Autant je souscris à vos propos sur la forme républicaine du Gouvernement, qui fait partie de notre tradition et qui constitue une disposition non révisable de notre Constitution, autant je suis sceptique devant l’explication qui vient d’être donnée au sujet des atteintes graves pouvant être portées à la paix publique ou de la rédaction proposée par notre collègue Jean-Pierre Sueur, qui vise les atteintes à la sécurité nationale.
Les atteintes graves à la paix publique ne peuvent viser que des cas de manifestations ou d’émeutes, et non des éléments relatifs à la paix publique relevant de l’intervention du maire ou du préfet dans des conditions ordinaires de protection de l’ordre public. Nous nous trouvons alors dans le cadre d’un régime juridique bien connu, celui du droit de manifestation, qui fonde alors l’action administrative ou policière.

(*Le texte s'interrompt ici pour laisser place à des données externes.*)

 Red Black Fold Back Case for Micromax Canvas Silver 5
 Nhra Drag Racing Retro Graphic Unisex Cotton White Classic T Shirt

Si une manifestation déclarée dégénère, une intervention est naturellement nécessaire.
Si les services de police recueillent des informations laissant craindre des dérapages lors d’une manifestation, celle-ci peut être interdite et des moyens peuvent être déployés pour empêcher que la manifestation ait lieu.
Si ces informations ne sont pas disponibles, ou si la manifestation n’a pas été déclarée, là encore, une intervention préventive des services de police est possible – les compagnies républicaines de sécurité et la garde mobile sont conçues pour cela.
J’ajoute qu’il s’agit bien, en l’occurrence, d’évoquer l’utilisation de moyens exceptionnels comme la géolocalisation, la captation d’images ou de paroles prononcées dans des lieux privés, mais aussi l’intervention sur les ordinateurs ou sur les réseaux pour pouvoir recueillir un certain nombre d’informations.
Au regard de la possibilité pour la puissance publique de prévenir ou de réprimer ces manifestations, l’usage de ces techniques est disproportionné.
J’ai donc le sentiment que la proposition de la commission des lois de conserver la notion de paix publique est relativement dangereuse. Faut-il pour autant y substituer la celle de sécurité nationale ? Cette dernière me paraît plutôt redondante puisque la sécurité nationale figure déjà dans le texte, ainsi que les éléments qui la constituent : l’indépendance nationale, la sécurité du territoire, son intégrité ou la forme républicaine du Gouvernement.
En revanche, en entendant l’intervention du ministre, je songeais qu’il manquait peut-être la protection des intérêts de la population. On peut en effet imaginer des menaces graves pour la santé publique, liées par exemple à l’utilisation de produits toxiques. Dans ce cas, pourquoi ne pas introduire par voie d’amendement une définition plus précise permettant le recours à ces techniques pour assurer la protection de la population dans des circonstances où la santé serait menacée de manière grave et précise ? Nous éviterions ainsi toutes les interprétations douteuses auxquelles pourraient donner lieu les notions de paix publique ou de sécurité nationale.